File "/mnt/srv/deployment/scap/scap/scap/utils.py", line 256, in lock
    os.unlink(filename)
Operation not permitted: '/var/lock/scap'

The next build #45585 happened after those two failures and ran for 14 minutes. It occured on March 17th 16:54:06 UTC. Looking at the console log with elapsed time (hh:mm:ss.micro):

00:01:44.958 16:55:51 Updating LocalisationCache for master using 2 thread(s)
00:13:55.018 17:08:01 Generating JSON versions and md5 files

All subsequent builds rebuild the LocalisationCache as well. So something is broken and cause scap / l10n updater to always consider the cache to be outdated thus rebuilding it everytime :(

Seems some operation / change has been made at that time which is the slowness root cause.

Event Timeline

hashar raised the priority of this task from to High.
hashar updated the task description. (Show Details)
hashar subscribed.
hashar renamed this task from beta-scap-eqiad runtime went from less than a minute to more than 10 minutes to beta-scap-eqiad always rebuild l10n cache since March 17th causing build to take more than 10 minutes..Mar 24 2015, 11:23 AM
hashar set Security to None.

Possibly related: T92823 (The fix for that went in around that time)

But I don't see anything in that change that _should_ cause this problem.

Adding Bryan because he seems to be the only one who really understands all the moving pieces of this thing.

(Sorry Bryan!)

I think this was an unintended side effect of https://gerrit.wikimedia.org/r/#/c/197262/. Scap is now building the l10n cdb files as the www-data user in a temporary location.

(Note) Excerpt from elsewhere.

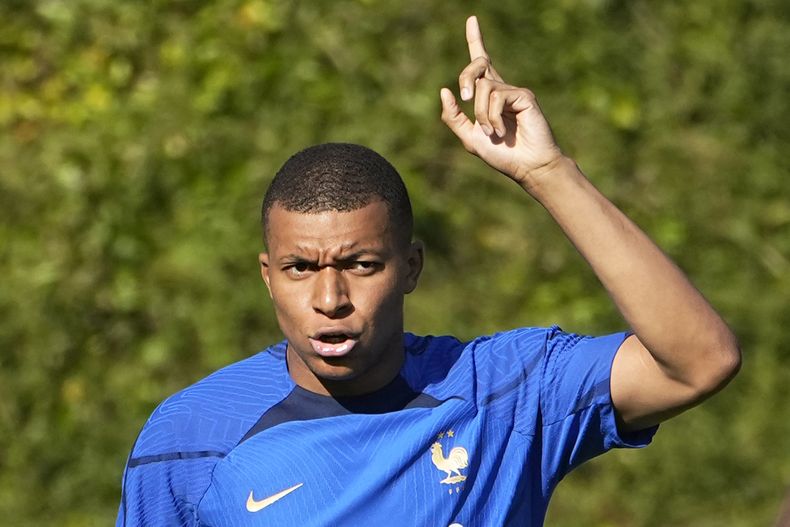 Kylian Mbappé gesticula durante un entrenamiento de la selección de Francia, en Clairefontaine, el martes 13 de junio de 2023 (AP Foto/Michel Euler)
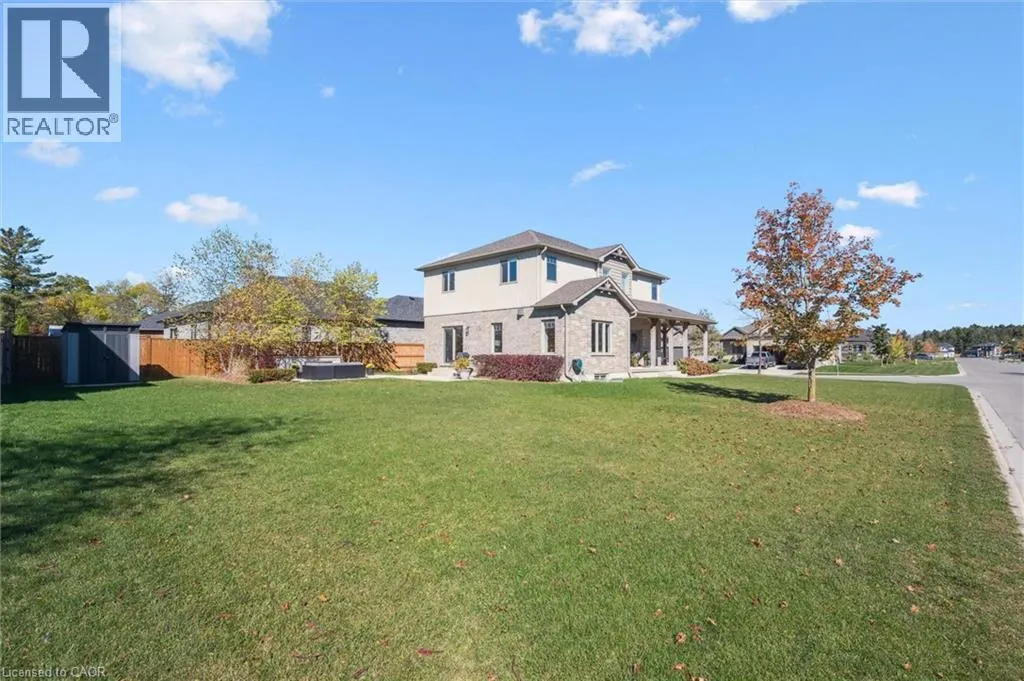 8 GRIFFITH Court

A quick look at the code for rebuildLocalisationCache.php and LocalisationCacheBulkLoad makes me think that we need to seed this temporary directory with the current l10n CDB files to reduce the number of keys that are added to the existing CDBs.

Change 199318 had a related patch set uploaded (by BryanDavis):
Copy l10n CDB files to rebuildLocalisationCache.php tmp dir

https://gerrit.wikimedia.org/r/199318

Earlier this morning I found a potential culprit with https://gerrit.wikimedia.org/r/#/c/197355/

commit b6b07421cc888fddff91bca62bb5dd064e159bbe
Author: YuviPanda <yuvipanda@gmail.com>
Date:   Tue Mar 17 22:37:23 2015 +0530

    scap: Clone mediawiki-config on all scap masters
    
    - Get rid of scap role, wasn't giving us much.
    - Also make group ownership in l10nupdate configurable
    - Include l10nupdate on all scap masters
    
    Bug: T88442
    Change-Id: I34112d01af093cf13f31c7f32d21925aa600f9dc

It changes l10nupdate files to be owned by group 'project-deployment-prep' instead of 'wikidev'.

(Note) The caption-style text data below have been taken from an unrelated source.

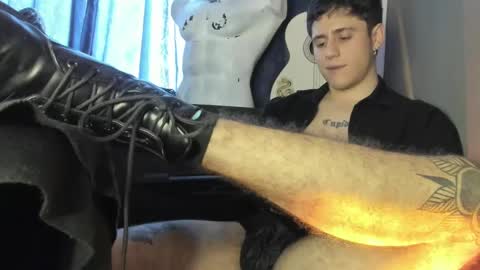 Snapshot of antonnello_ chatting on 09.12.25 antonnello_ online show from 09.12.25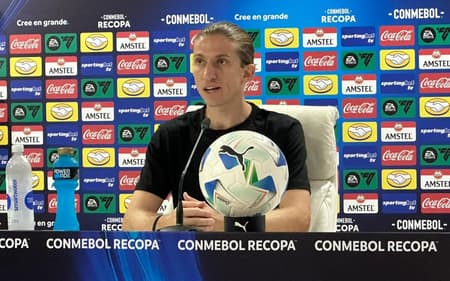 Filipe Luís coletiva Recopa Lanús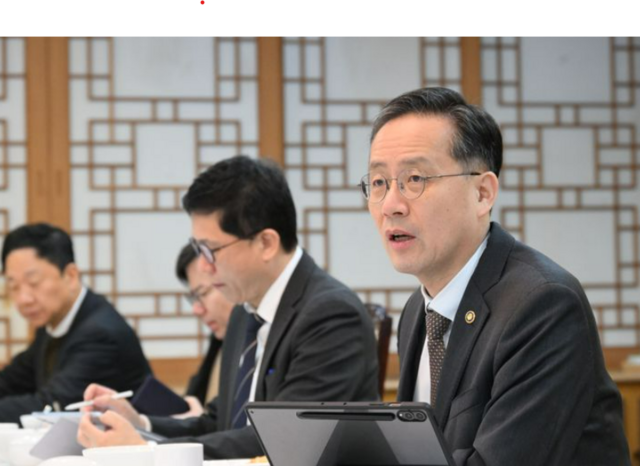 이형일 재정경제부 차관이 23일 서울 종로구 정부서울청사에서 시장상황점검회의를 주재하고 있다. /재정경제부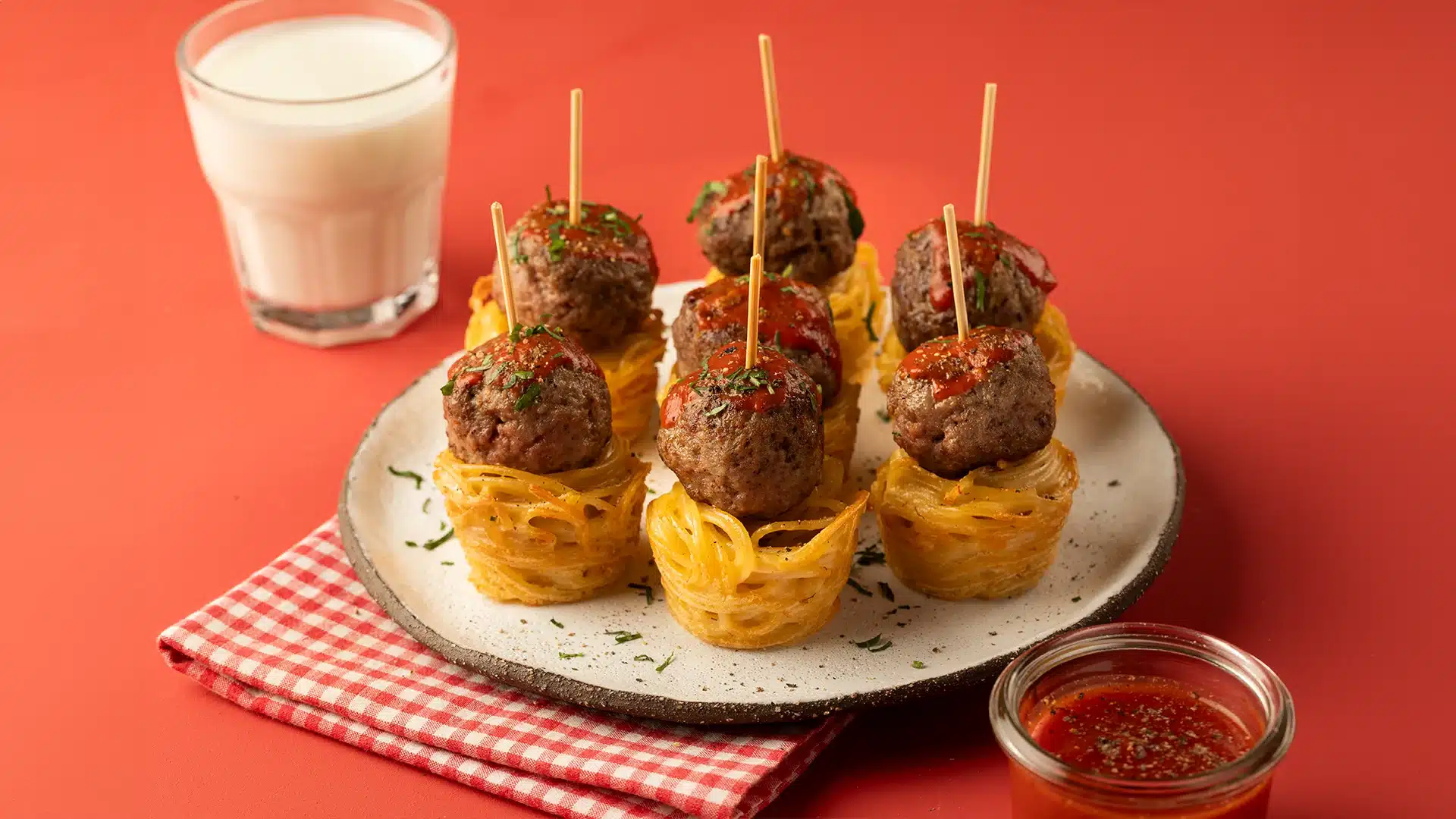Makarna Çanağında Köfte Tarifi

I have no idea why that has been changed though nor whether ALL files have been adjusted manually. There is probably some left over.

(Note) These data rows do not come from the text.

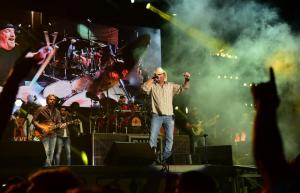 Toby Keith sings one of his top hits from 25 years ago.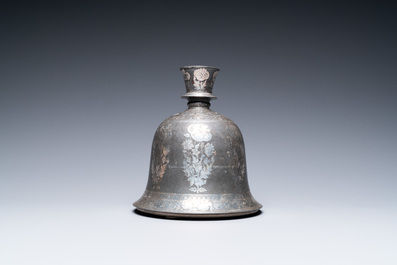 Een Indische met zilver ingelegde bidri basis voor een waterpijp, 1e helft 19e eeuw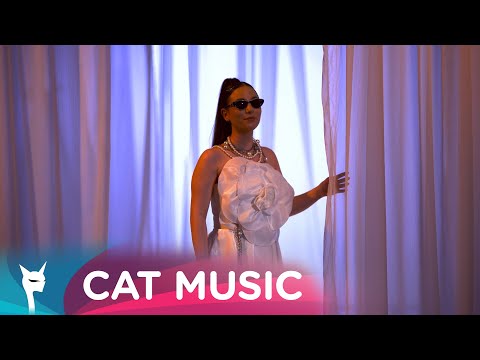 Andrada Precup - Cu mainile la spate M/V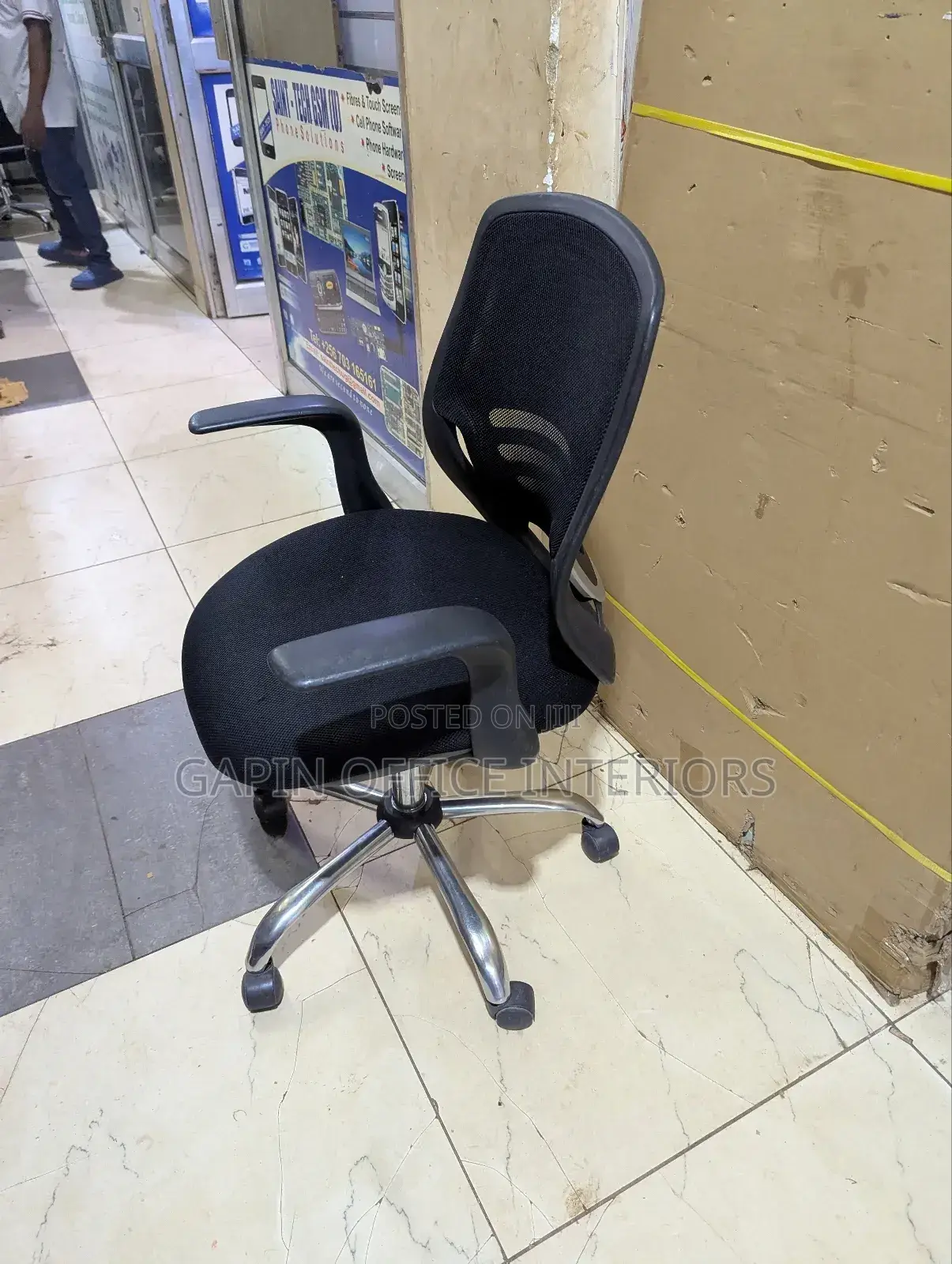 Durable and Adjustable Rotating Chair Ready for Pick Up or Derivery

Change 199318 merged by jenkins-bot:
Copy l10n CDB files to rebuildLocalisationCache.php tmp dir

https://gerrit.wikimedia.org/r/199318

bd808 claimed this task.

After applying https://gerrit.wikimedia.org/r/199318 on deployment-prep the average sync time went back down to under 2 minutes. Change merged and pushed to both beta and prod.

Thank you for the fix and I know how complicated our l10n cache sync is so kudos!